諸藤初V!昨年死去の母に「やったよと報告したい」

[ 2011年9月5日 06:00 ]

<フジサンケイクラシック最終日>表彰式で母親の遺影を手に優勝インタビューに答える諸藤将次

男子ゴルフツアー・フジサンケイ・クラシック最終日

(9月4日 山梨県富士河口湖町・富士桜カントリー倶楽部=7437ヤード、パー71)
 ツアー6年目の諸藤将次(26=セガサミーホールディングス)が亡き母にささげる初勝利を挙げた。首位から出て5バーディー、3ボギーの69をマーク。通算6アンダー、136で逃げ切った。記録の残る85年以降では4例目となる36ホール成立で、優勝賞金は規定により50%の1100万円。今季初勝利と大会3連覇を目指した石川遼(19=パナソニック)は70で回り、通算1アンダーで5位に終わった。
【最終R成績】

 ウイニングパットを沈めても派手なガッツポーズとはいかなかった。
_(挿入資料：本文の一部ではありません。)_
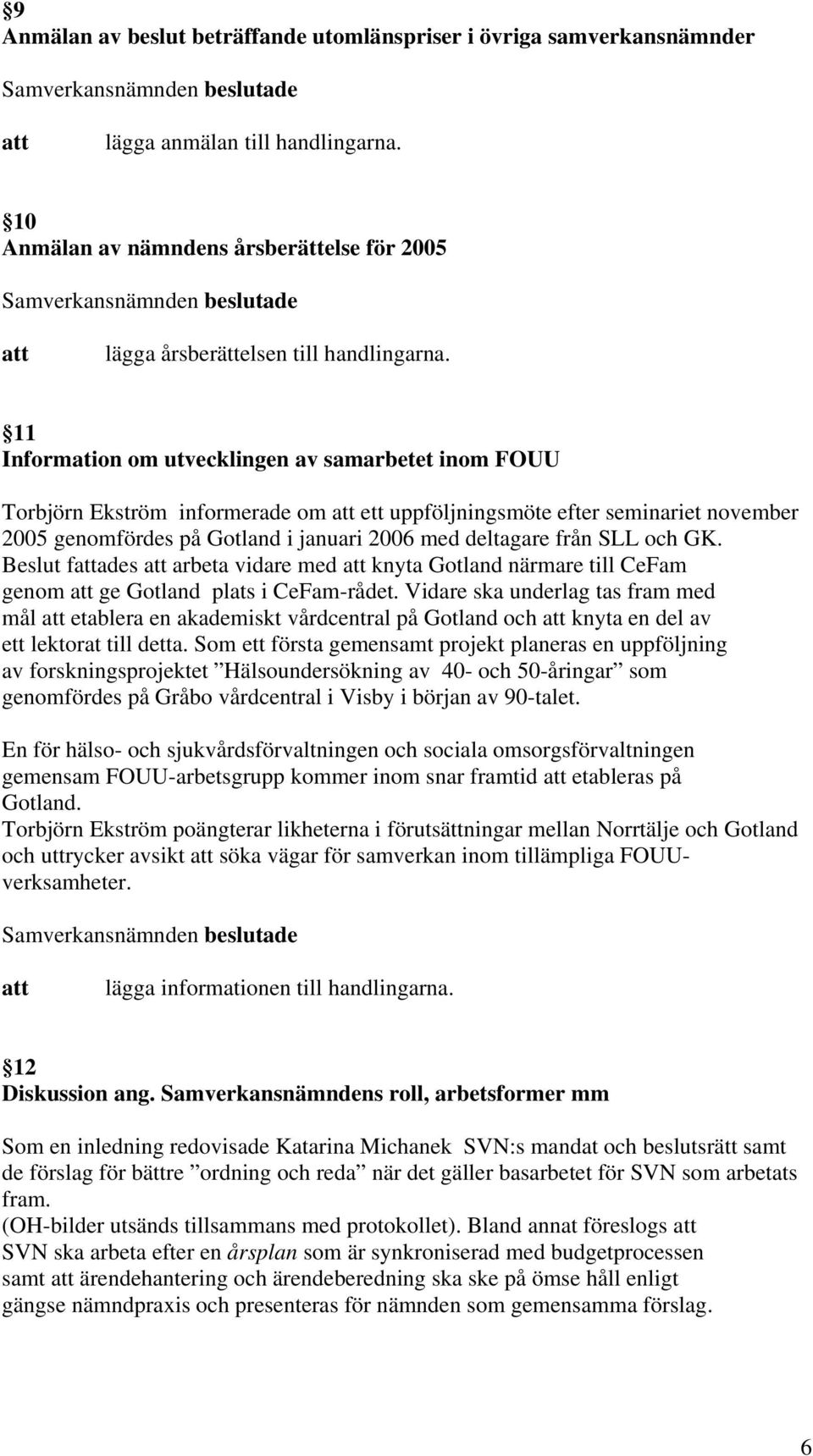 och GK. Beslut fades arbeta vidare med knyta Gotland närmare till CeFam genom ge Gotland plats i CeFam-rådet.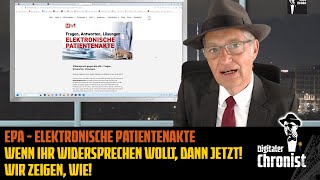 ePA  Elektronische Patientenakte  Wenn Ihr widersprechen wollt dann jetzt Wir zeigen wie [upl. by Genesia]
諸藤は「みんなバンザイとかするけど、自分はまだ勝ちが決まってないんで。でも(練習ラウンド仲間の小田)孔明さんが迎えてくれてウルッときました」と振り返った。

 台風の影響で競技は36ホールに短縮。テレビ中継を考慮して成績下位の選手より成績上位の選手が先にスタートしたため、自身は正午前にプレーを終えたが、優勝決定は全選手が競技を終えた4時間後という異例の結末だった。

 首位からスタートし、一時は2位に6打差をつけた。しかし、8番でボギーを叩くと12番から連続ボギーでリードはわずか2差。「慌てて気持ちがドキドキした。でも、キャディーにここからと言われて粘ろうと思った」。328ヤードに短縮された14番パー4で第1打をグリーン右横のラフまで運ぶと、ここでバーディー。勝負を決めた。

 この1勝には特別な思いが込められていた。昨年2月に最愛の母・孝子さんを皮膚がんのために59歳の若さで失った。「(福岡の実家の仏壇に)ウイニングボールをあげて、やったよと報告したい」と言うと目から涙があふれ出た。

 孝子さんが亡くなった後、諸藤は無気力状態に陥り、ゴルフに身が入らない日々が4カ月も続いた。家族で「お母さんのために頑張ろう」と話し合い再びゴルフに向き合ったのが同年6月。トレーニングから重点的に始めると体重は3キロ増え、低迷していた300ヤード超の飛距離も復活した。2ラウンドの平均317・5ヤードは2位と約13ヤード差。圧倒的な飛距離が3、6、17番のパー5でのバーディーにつながった。

 ジュニア時代は池田勇太のライバル。東の池田、西の諸藤と言われた逸材。しかし、ここまで勝利どころか賞金シードすら無縁だった。プロ9勝と先を行く池田を追い、「やっとスタート地点に立った」と語った。「まずは2勝目。そして、もっと上を目指したい」。夢は海外挑戦。ツアー屈指の飛ばし屋がさらなる高みを見据えた。

 ◆諸藤 将次(もろふじ・まさつぐ) 1985年(昭60)8月1日、福岡県出身の26歳。2歳からゴルフを始め、福岡県・沖学園時代の02年に九州アマに優勝。03年の世界ジュニアでは5位に入った。日大進学後、06年にプロ転向。これまで賞金シードを獲得したことはなかった。1メートル80、65キロ。

 ≪遺影持って兄駆けつけた!≫東京在住の諸藤の兄・誠一さん(33)は母・孝子さんの遺影を手に、諸藤が最終18番をプレー中にコースに駆けつけた。「富士桜CCは縁があると思っていた。母は桜が好きでしたし、諸藤の名字にはフジも入っていたので。母がいたら喜んでいたと思う。日本一の弟です」と万感の面持ち。表彰式後には父・保史郎さん(63)、姉・真千子さん(32)とともに家族全員が持っているという孝子さんの遺髪の入ったネックレスを胸に、グリーン上で記念撮影を行った。